**About this exercise**. Provide again, from the entries below, every line from the one containing "bedroom featuring multiple" through the one containing "Lust Led Nova", exactly as written, and no other line.
── Dataset extract
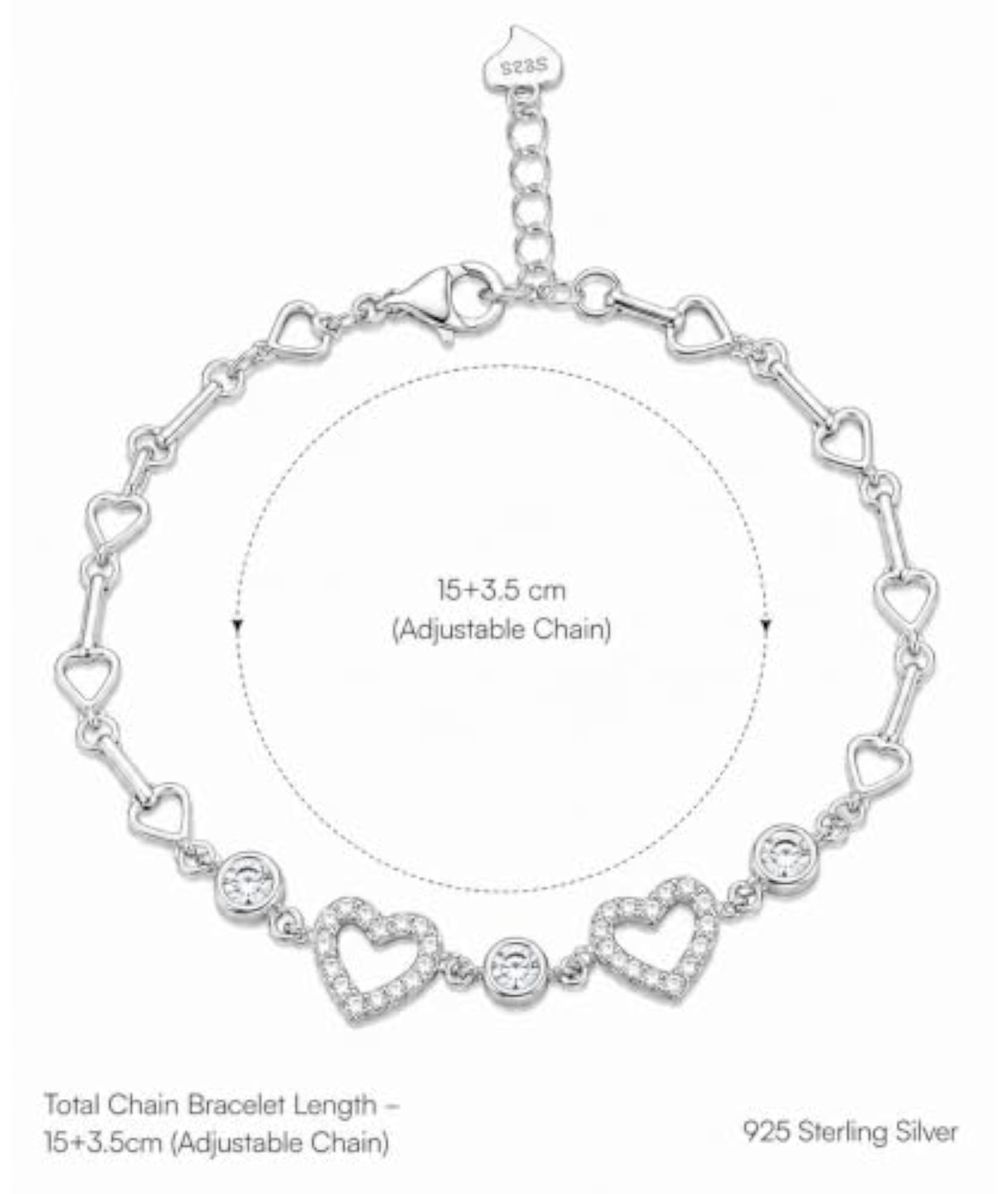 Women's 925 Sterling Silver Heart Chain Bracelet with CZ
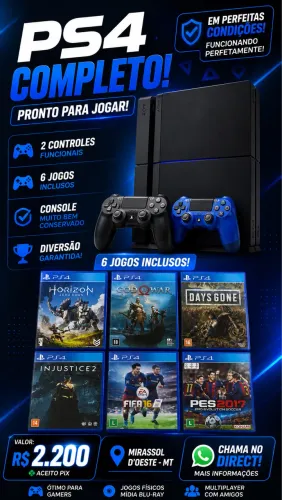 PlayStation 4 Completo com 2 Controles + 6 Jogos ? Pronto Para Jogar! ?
────
── Dataset extract
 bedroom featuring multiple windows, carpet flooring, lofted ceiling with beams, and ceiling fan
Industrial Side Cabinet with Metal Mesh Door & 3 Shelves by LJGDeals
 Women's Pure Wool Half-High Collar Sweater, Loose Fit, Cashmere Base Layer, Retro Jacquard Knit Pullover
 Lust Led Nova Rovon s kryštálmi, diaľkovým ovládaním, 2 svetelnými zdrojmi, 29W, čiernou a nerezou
────
**Answer to this exercise**.
 bedroom featuring multiple windows, carpet flooring, lofted ceiling with beams, and ceiling fan
Industrial Side Cabinet with Metal Mesh Door & 3 Shelves by LJGDeals
 Women's Pure Wool Half-High Collar Sweater, Loose Fit, Cashmere Base Layer, Retro Jacquard Knit Pullover
 Lust Led Nova Rovon s kryštálmi, diaľkovým ovládaním, 2 svetelnými zdrojmi, 29W, čiernou a nerezou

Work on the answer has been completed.